Frederick Carlton Lewis may be the greatest athlete in track and field history.
Born in Birmingham, Alabama on July 1, 1961, he grew up in a family of athletes, as his mother was a hurdler on the 1951 Pan Am team, his sister was an Olympic long jumper and his father a track coach. The family moved to Willingboro Township, New Jersey where, as a high school senior, he rose to a #5 world ranking. He had many college scholarship offers upon graduation in 1979 and chose the University of Houston, where he worked under the tutelage of Tom Tellez, the only coach he would have throughout his long and distinguished career. He won the NCAA championship in the long jump in 1980 and also competed in sprinting events, drawing comparisons to the great Jesse Owens, who dominated sprint and long jump events in the 1930s. He qualified for the 1980 U.S Olympic team in long jump and 4 x 100 meter relay but did not participate due to the U.S. boycott of that year’s Moscow games. In 1981, he became the fastest 100 meter sprinter in the world, running the third-fastest time in history at the Southwest Conference championships in May. He won national titles in long jump and 100 meters in route to winning the Sullivan Award as top amateur athlete in the U.S. At the 1983 World Championships, he won gold medals in the 100, long jump and 4 x 100 relay and was named Athlete of the Year by Track & Field News for the second straight year.
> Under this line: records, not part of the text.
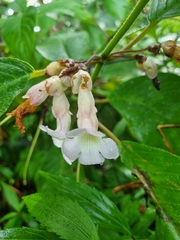 Liebigia horsfieldii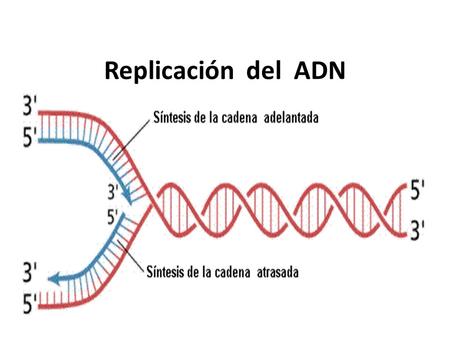 Replicación del ADN. Ciclo celular Interfase : G1 S : replica o duplica el ADN G2 Mitosis : Profase, metafase, anafase, telofase.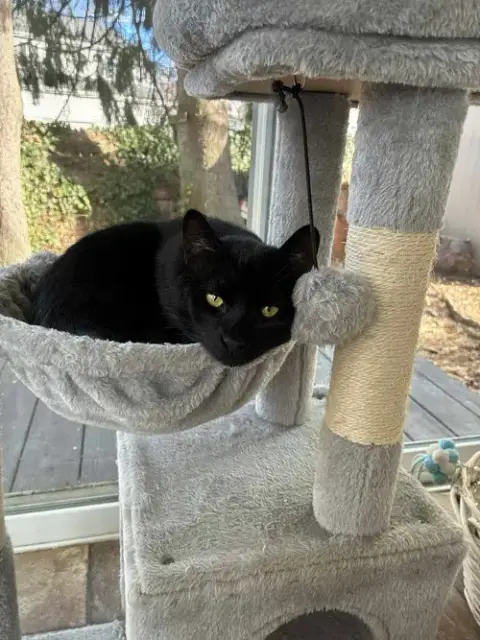 Coal photo 5
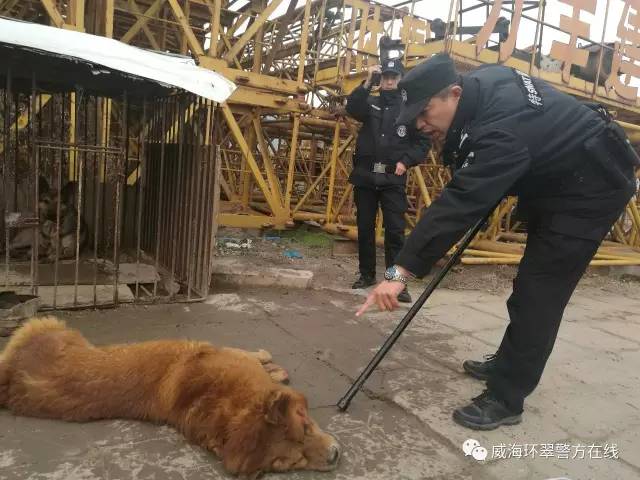 威海现大型烈犬当街咬人,民警两枪击毙(附现场视频)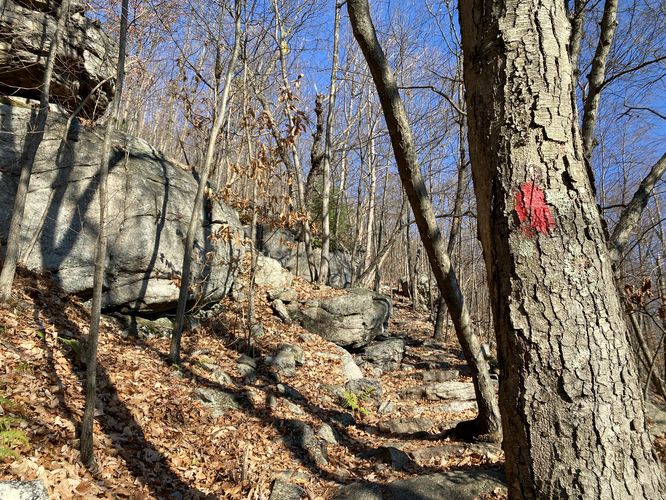 Hiking up the Lehigh Gorge along the red-blazed Overlook Trail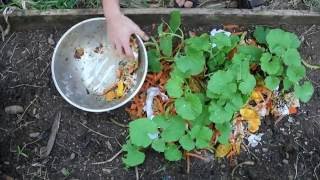 Mulchilizing Cantaloupes fertilizing melons with kitchen scraps [upl. by Retha]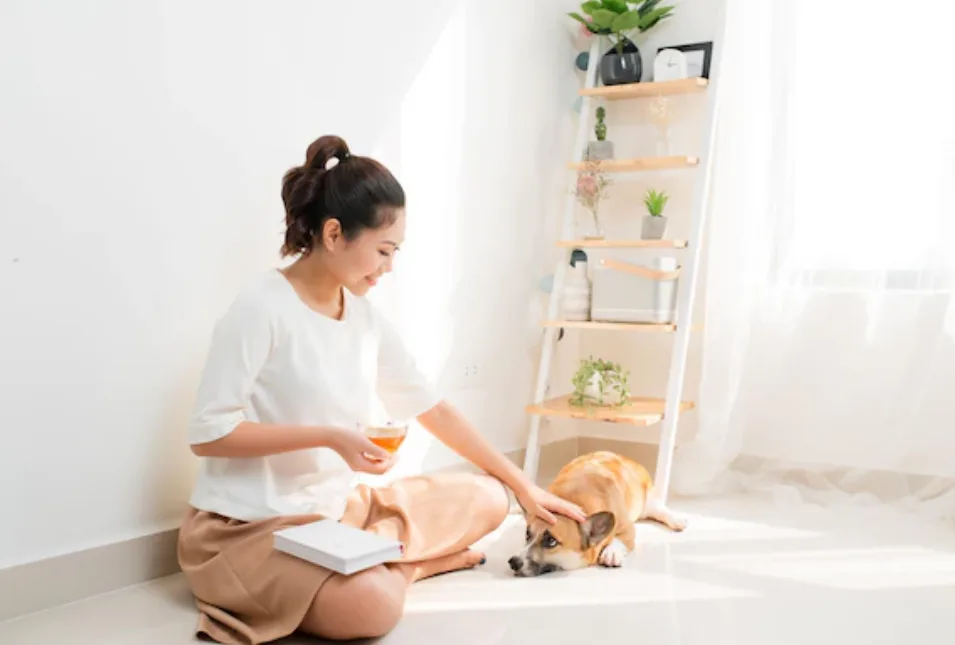 90% Don't Know: Pro Dog Trainer's Tips for Rehoming - News Directory 3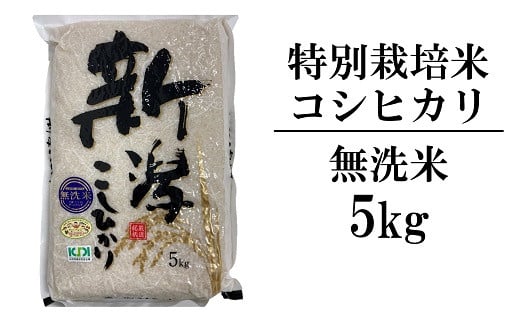 【令和6年産新米】新潟県認証特別栽培米 コシヒカリ 無洗米 5kg 中村農研[Y0295] 218359 - 新潟県柏崎市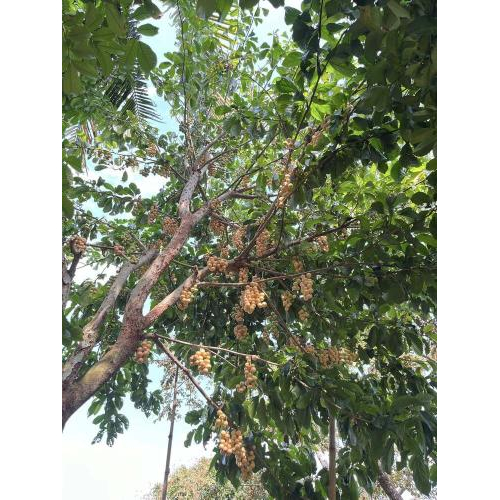Tuấn Tường – Mảnh vườn nâng niu từ trái dâu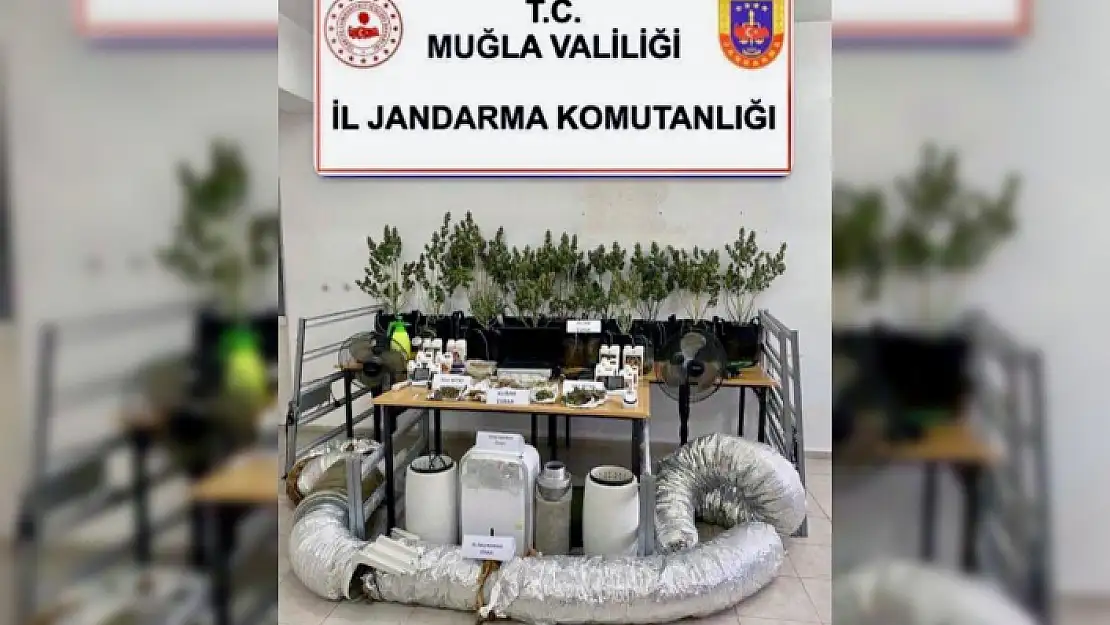 DALAMAN'DA UYUŞTURUCU OPERASYONU: 1 GÖZALTI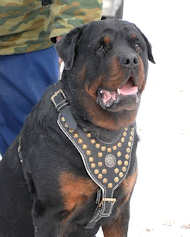 royal dog harness for rottweiler
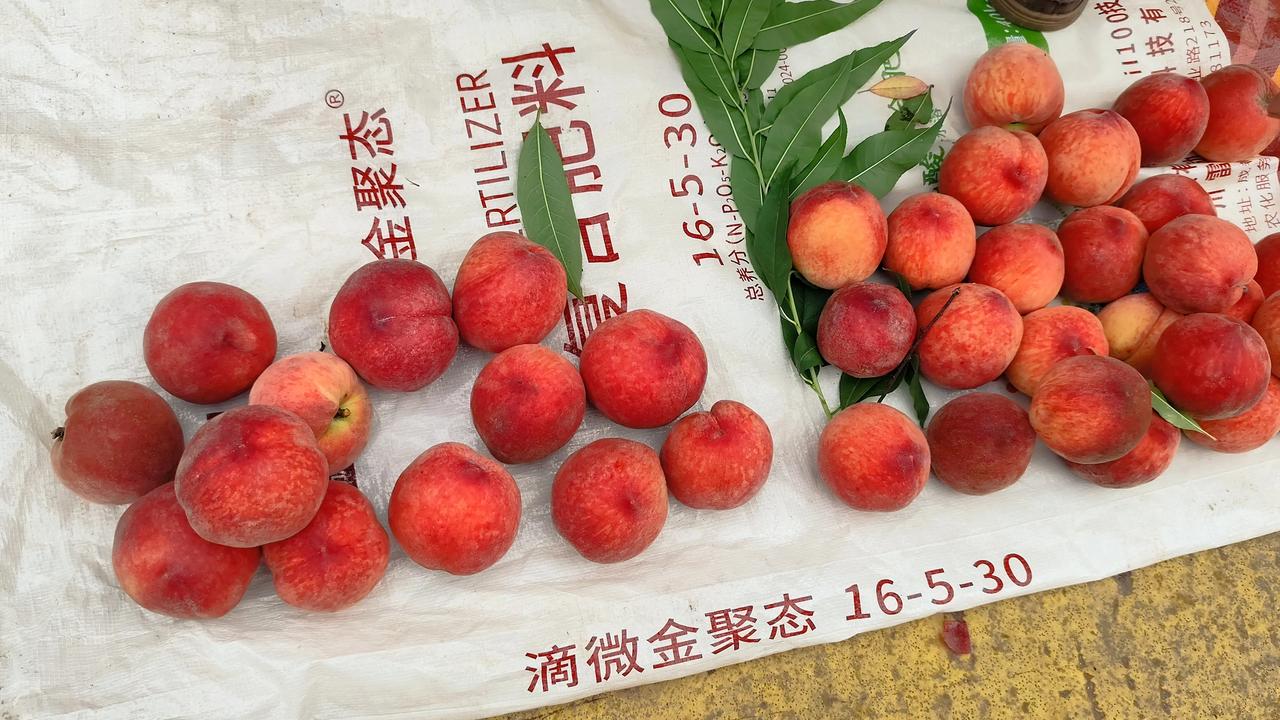 晒图笔记大赛季节的馈赠！炎炎夏日也是吃水果的好时节！看这些让人垂涎三尺的桃，李子
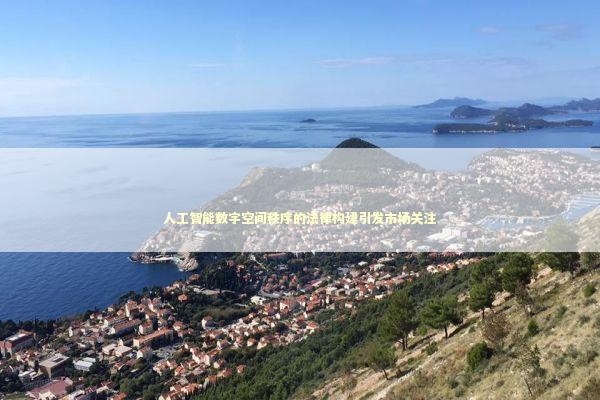 人工智能数字空间秩序的法律构建引发市场关注 新闻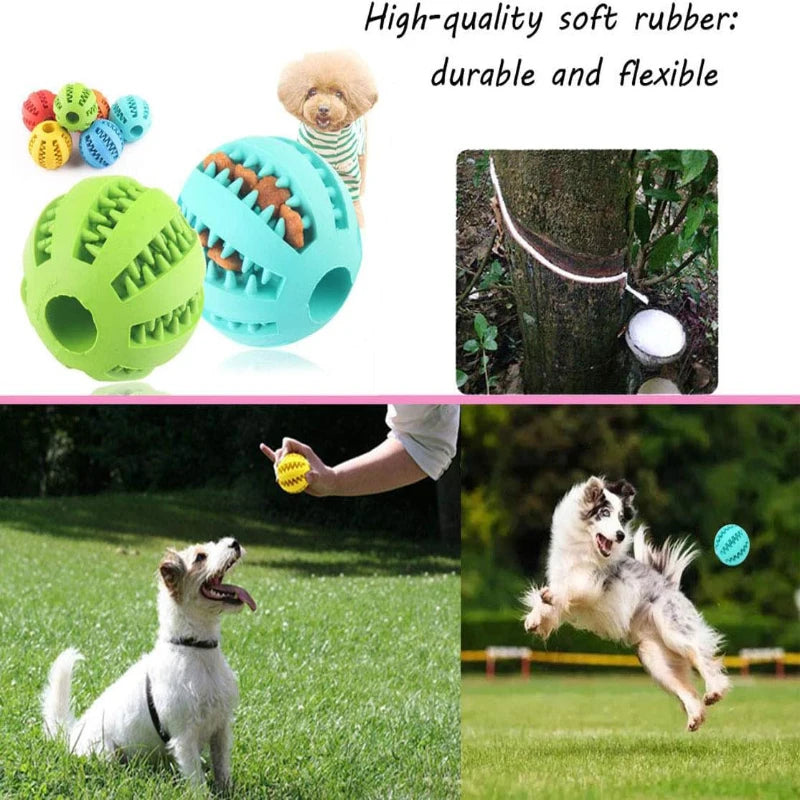 Interactive Rubber Dog Ball - Tooth Cleaning Treat Feeder Toy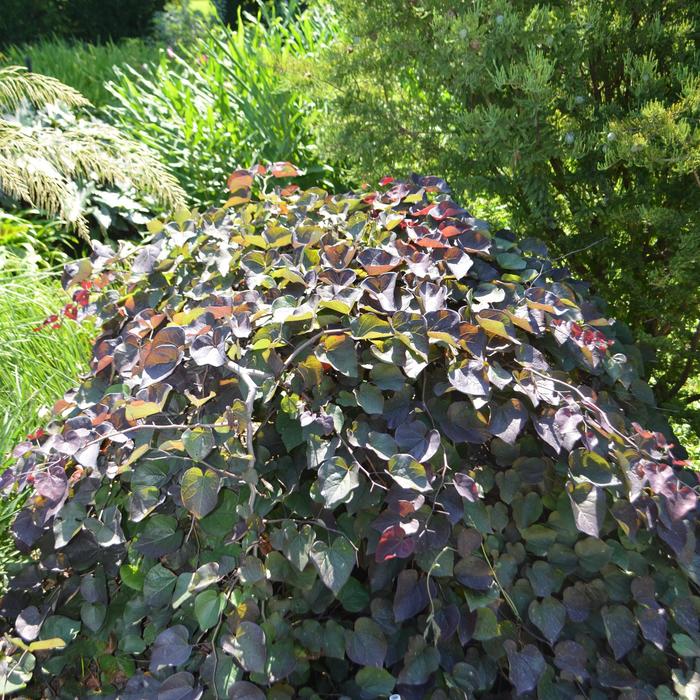  'Ruby Falls' - Cercis canadensis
He entered four events in the 1984 in an attempt to match the feat of Jesse Owens in the Summer Games of 1936, where he won gold medals in 100, 200, long jump and 4 x 100 relay. He achieved the sweep easily, setting Olympic records in two events. He was drafted with the 208th pick of the NBA draft and in the 12th round of the NFL draft in 1984 despite never playing either of those sports in high school. The 100 meter final in the 1988 Summer Olympics became one of the most infamous sports stories of the century, as Canada’s Ben Johnson set a new world record in 9.79 while Lewis set a new Amercian mark with 9.92. Three days later, Johnson tested positive for steroids, was stripped of his medal and Lewis was awarded gold and credited with a new Olympic record. He won the long jump, finished second in the 200 and the U.S. failed to qualify in the 4 x 100 relay after dropping the baton. He had the best meet of his life at the 1991 World Championships, where six men finished under 10 seconds in the 100 meters. Lewis won gold with a world record time of 9.86, anchored the relay team to another world record and set a world record of 29’,2 ¾” in the long jump that lasted one round until Mike Powell leaped 29’,4 ¼” to hand Lewis his first loss in a long jump competition in a decade. Powell’s jump and Lewis’ final two jumps from that competition remain the three longest low-altitude jumps of all time.
Lewis went on to win gold in the relay and long jump in the 1992 Olympics in Barcelona and won his fourth straight gold medal in the long jump in Atlanta in 1996.
In track & field, the benchmark for excellence for the 100 meters is 10 seconds and for the 200 meters it is 20 seconds. Over the course of his 17 year career, Lewis broke 10 seconds for the 100 on fifteen occasions and bettered 20 seconds in the 200 ten times. He did not lose in the long jump for a decade, winning 65 consecutive competitions and still holds the indoor long jump record he set in 1984. In all, he won 10 Olympic medals, including nine gold and 10 World Championships, including eight gold. He was named “World Athlete of the Century” by the IAAF, “Sportsman of the Century” by the IOC, “Olympian of the Century” by Sports Illustrated and was three times named “Athlete of the Year” by Track & Field News. He is the only Olympian in history to successfully defend a gold medal in the long jump.
On this date in 1984, Carl Lewis won a gold medal in the long jump at the Summer Games in Los Angeles.